A new manifesto from renewable energy trade body RenewableUK aims to set out a ‘route map’ to delivering a carbon-free energy generation system in the UK.
The launch of the document “Roadmap to net zero: a manifesto for a fully decarbonised power system by 2035” was a key part of RenewableUK’s Global Offshore Wind 2022 event in Manchester last week.
In it RenewableUK set out a series of key measures aiming to ensure that the UK’s electricity system is decarbonised by the middle of the next decade.
This drive will produce a major slew of opportunities – and challenges – for the East of England as it plays a very significant part in energy generation in the years to come.
In the report the trade body is calling for a series of market and regulatory reforms including totally phasing out unabated gas generation as a key part of achieving the UK’s net zero emissions by 2050 target.
These moves, the body said, will reduce the UK’s current vulnerability to the surging cost of gas – following Russia's invasion of Ukraine – by maximising the benefits of the country's cheapest forms of renewable power and rapidly developing a new green hydrogen industry.
The report sets out a wide range of recommendations including the current Contracts for Difference (CfD) energy projects bidding system to attract more investment.
Renewable UK argued that while the current CfD system has successfully delivered new renewable generation capacity, the way the current market is set up may not be enough to deliver the volume of projects needed to fully decarbonise by 2035.
As other countries seek also to decarbonise, the resulting surging global demand for offshore wind is increasing competition for investment and putting pressure on the supply chains, the businesses that will help deliver it.
The trade body argues that an “evolution” of the CfD system is needed to incentivise long-term capital investment in major projects, build up supply chains and ensure that consumers are provided with clean energy at low and stable prices.

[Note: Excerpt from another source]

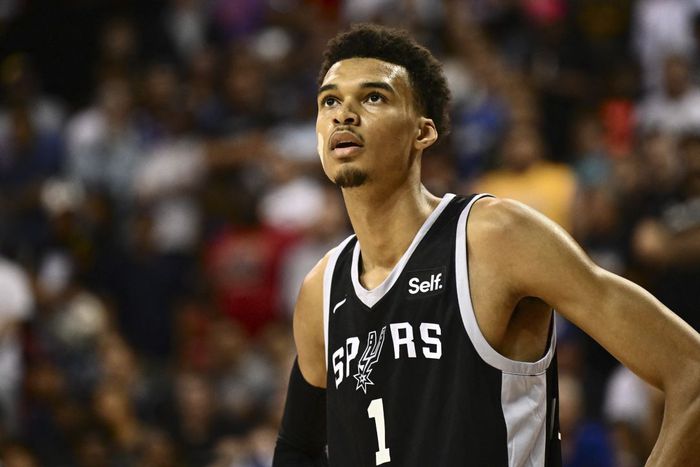 San Antonio Spurs star Victor Wembanyama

Specific proposals in the document are for the government to consider new offshore wind enterprise zones where businesses can qualify for tax relief – this would be similar to the system currently operating in the US.
It also for government and industry to streamline the process for developing new offshore wind sites, bringing together skills, experience and capacity which is currently spread across a wide range of disparate bodies. This should result, it said in a centralised regulatory authority for consenting and licensing new energy projects.
A key plank of the manifesto is a call for a fundamental redesign of the power network infrastructure is planned and delivered – what is built and where to connect offshore windfarms to the grid and so mimimise the impact on local communities.
RenewablesUK recommends using the current Offshore Transmission Network Review to establish a long-term solution for planning grid infrastructure.
This proposal will be very much welcomed in the East of England where the development of network infrastructure to bring offshore-generated power into the grid is becomingly an increasingly fraught issue.
Two weeks Babergh and Mid Suffolk District Councils called for an urgent government review of the number and scale of energy infrastructure projects which they said could be “potentially devastating” for local communities.
The leaders of both councils wrote to the Department for Business, Energy & Industrial Strategy calling for a wider review to include developments such as solar farms and battery storage projects, for which the councils are seeing increasing numbers of applications.
The councils have objected to plans for the East Anglia GREEN project which would see overhead lines between Norwich, Bramford and Tilbury.
Mid Suffolk Council leader Suzie Morley said at the time: “We fully recognise the importance of the government’s net zero agenda and the need for ongoing energy security for our communities, but we have serious concerns at the seeming lack of strategic coordination of the delivery of energy generation, transmission, and distribution development proposals across the region.”
RenewableUK chief executive Dan McGrail said: “The gas crisis and invasion of Ukraine have pushed up the cost of fossil fuels - and consumer bills - to record highs. We need to decarbonise at pace to build a home-grown clean power sector as the cornerstone of the Government’s Energy Security Strategy.
“Meeting the target of decarbonising our power system completely by 2035 is our biggest challenge yet, but the industry stands ready to deliver and the recommendations in our manifesto set out exactly how this can be achieved.”